[Start of Attachment]

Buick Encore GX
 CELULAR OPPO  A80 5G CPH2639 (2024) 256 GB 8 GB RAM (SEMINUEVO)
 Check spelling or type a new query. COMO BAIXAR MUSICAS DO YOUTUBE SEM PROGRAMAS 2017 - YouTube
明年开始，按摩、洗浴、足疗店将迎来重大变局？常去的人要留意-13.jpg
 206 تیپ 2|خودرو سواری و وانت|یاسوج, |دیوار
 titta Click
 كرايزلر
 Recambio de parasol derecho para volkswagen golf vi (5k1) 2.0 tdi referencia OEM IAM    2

[End of Attachment]

[TASK ITEM]
Give the entries once more, exactly as they appear.

[SOLUTION TO THE EXERCISE]
Buick Encore GX
 CELULAR OPPO  A80 5G CPH2639 (2024) 256 GB 8 GB RAM (SEMINUEVO)
 Check spelling or type a new query. COMO BAIXAR MUSICAS DO YOUTUBE SEM PROGRAMAS 2017 - YouTube
明年开始，按摩、洗浴、足疗店将迎来重大变局？常去的人要留意-13.jpg
 206 تیپ 2|خودرو سواری و وانت|یاسوج, |دیوار
 titta Click
 كرايزلر
 Recambio de parasol derecho para volkswagen golf vi (5k1) 2.0 tdi referencia OEM IAM    2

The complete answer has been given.